A.O. Neville the protector of aborigines represents the opposing perspective of the government; he is portrayed as a cold but ‘rational’ character that believes in his cause. A British actor plays this character in order to highlight that the racist perspectives are remnants from the British Colonial era. Neville administrates the governments “assimilation” program that’s aim was to separate half-cast aboriginal children from their families and culture to then convert them to Christianity and domesticate them. The perspective of the white people at the time was that by integrating them into the white society and breeding them out they would be saved from their own “primitive savagery”.
“By the third generation the aboriginal has simply been breed out“
“in spite of himself the native must be helped”
“The problem of half cast is not simply going to go away. If it is not dealt with now it will fester for years to come. These children are that problem.”
These quotes provide sufficient evidence that the forced removal policies were an attempt at systematic genocide.
The loss of identity. culture and family that is so profoundly emphasised in the voices section of The Stolen Children is also seen in Rabbit Proof Fence. The mission is where the indigenous people are stripped of their linear; this is depicted in several ways. They are not allowed to speak their own language this lead to loss of language culture. The longer you seem to be at the mission the more of your culture you forget.

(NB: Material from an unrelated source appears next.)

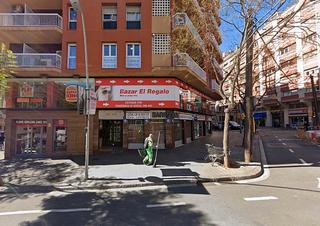 Business premise in Travessera de Gràcia 398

“They have no mothers, no body have got any mothers.”
This quote creates a visual image of daughter cut off from connection with mother. This imagery is also use on the front cover off Carmel Bird’s text. In the introduction she talks of a severing from the umbilical cord.
This is a powerful movie that strikes at the heart of Australian history and its current values. Furthermore is has effectively changed the perspective of the viewer and internationally informed many of the suffering of the stolen generations. The movie has also brought up the issue of a national apology.
“Something needs to jolt our political leaders into action on Aboriginal reconciliation. Hopefully this movie proves to e the catalyst.” John Hewson. former national Liberal leader.